He's the re-form candidate, daddy,” Junior O’Daniel says of his father’s challenger for the governorship of Mississippi in the film “O Brother, Where Art Thou?”. “A lot of people like that re-form. Maybe we should get us some.” Britain’s political parties all seem to be thinking much the same thing.
The expenses scandal has ignited a broader, competitive debate about parliamentary and constitutional reform. As is always the case with constitutional debates, this one combines the noblest motives, or their avowal, with self-interest: a need to seem attuned to public contempt for politics, and an opportunistic bid to push pet ambitions while the mood seems propitious.
Consider the big speech given by David Cameron, the leader of the Conservatives, on May 26th. Mr Cameron argued for a cut in the number of MPs-an economy which, because of the pro-Labour way parliamentary constituencies are now organised, would benefit the Tories. He roped in assorted policies that the Tories have long been flogging under their clunky slogan of “the post-bureaucratic age”. So, for example, holding a referendum on the Lisbon treaty, abolishing quangos, and the Tories’ plans for local government and school reform all featured beneath the rubric of redistributing power. That is not to deny the virtue of some of Mr Cameron’s ideas, such as more directly elected mayors and open primaries for picking parliamentary candidates.
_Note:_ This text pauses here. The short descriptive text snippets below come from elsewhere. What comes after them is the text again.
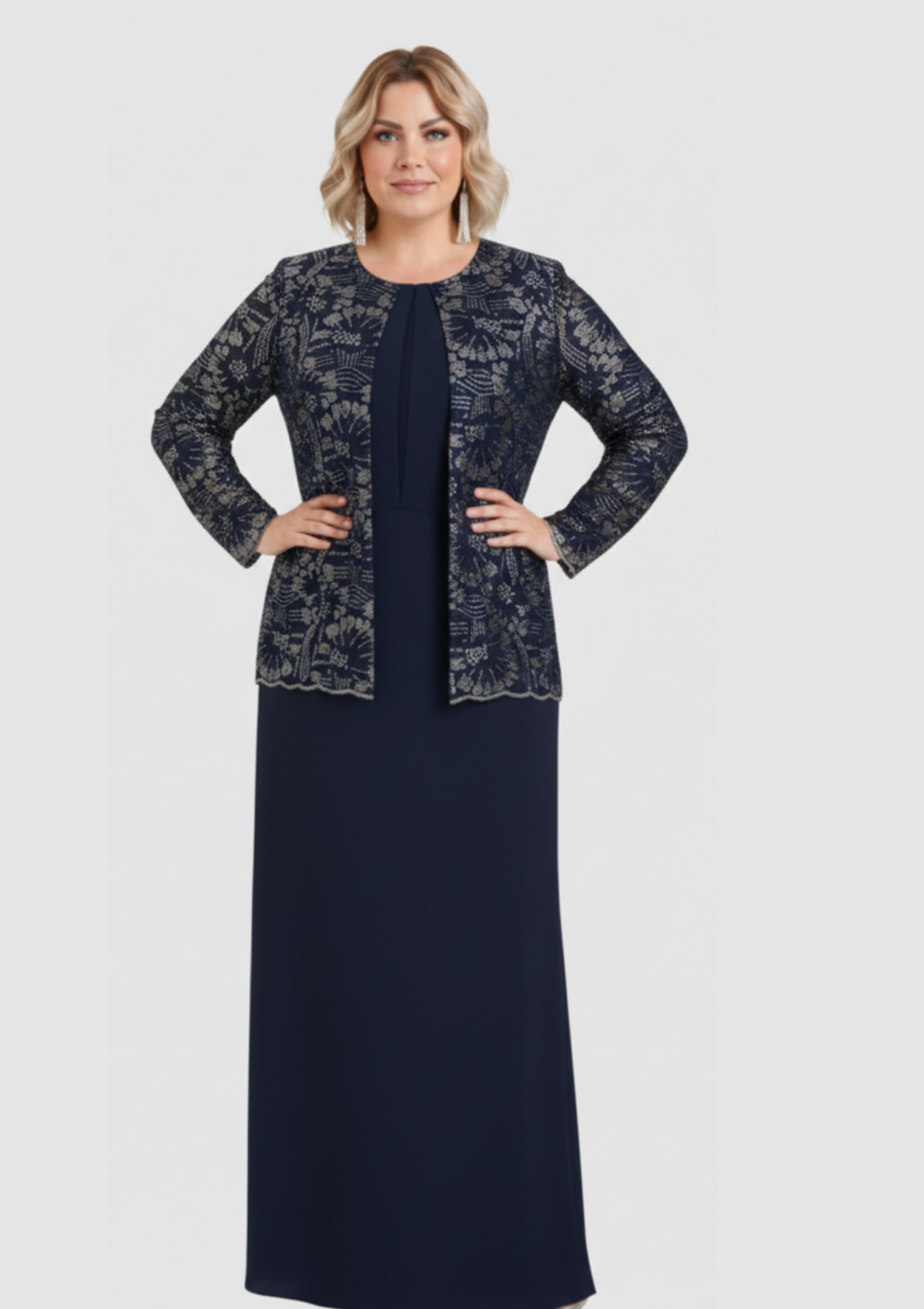 Büyük Beden Lacivert Renkli Krep Kumaş Uzun Abiye Elbise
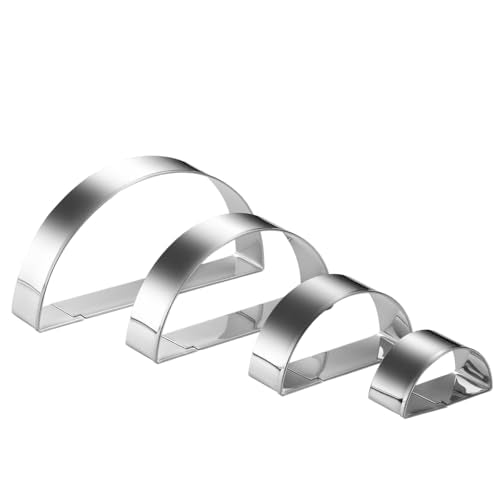 Half Circle Semicircle Cookie Cutter Set 4 Sizes 5 Inch (4 Count)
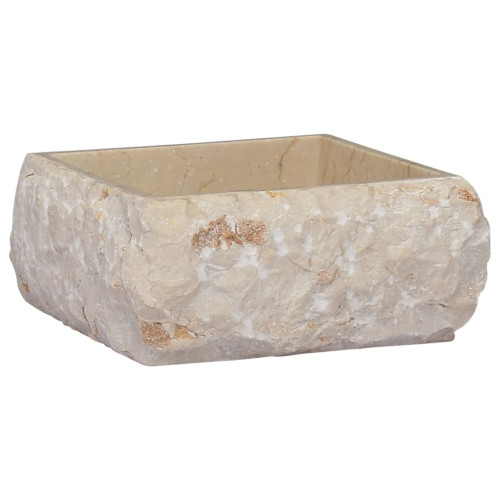 vidaXL Handfat gräddvit 30x30x13 cm marmor
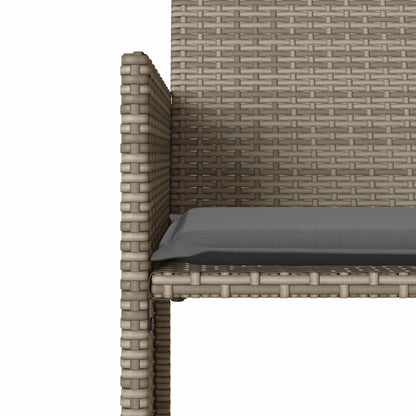 Divano Giardino 2 Posti con Tavolo e Sgabelli Grigio Polyrattan | homemem39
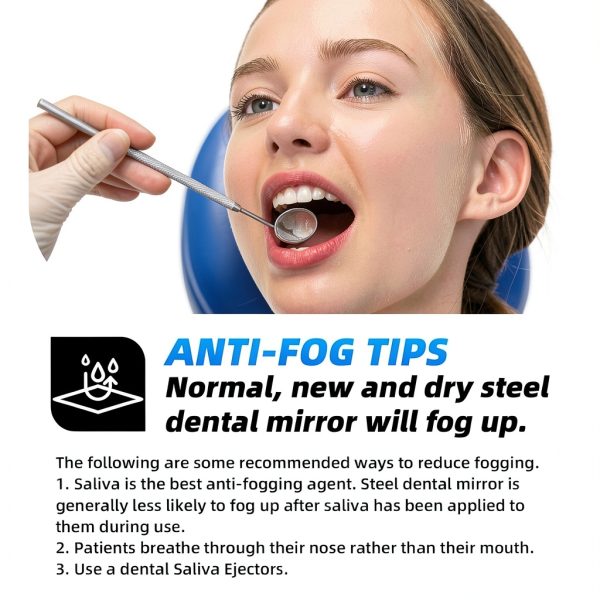 Dental Inspection Mirror Annhua Stainless Steel Anti-Fog Curved Mirror-2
Meanwhile Nick Clegg, the leader of the Liberal Democrats, called for a “total reinvention of British politics”, which he optimistically claims can be achieved in 100 days. He wants voters to have a California-style right of recall over MPs; to replace the House of Lords with an elected senate; to tighten the rules on party funding; and, as ever, to replace the first-past-the post method used in Westminster elections with a more proportional system (which would principally benefit the Lib Dems).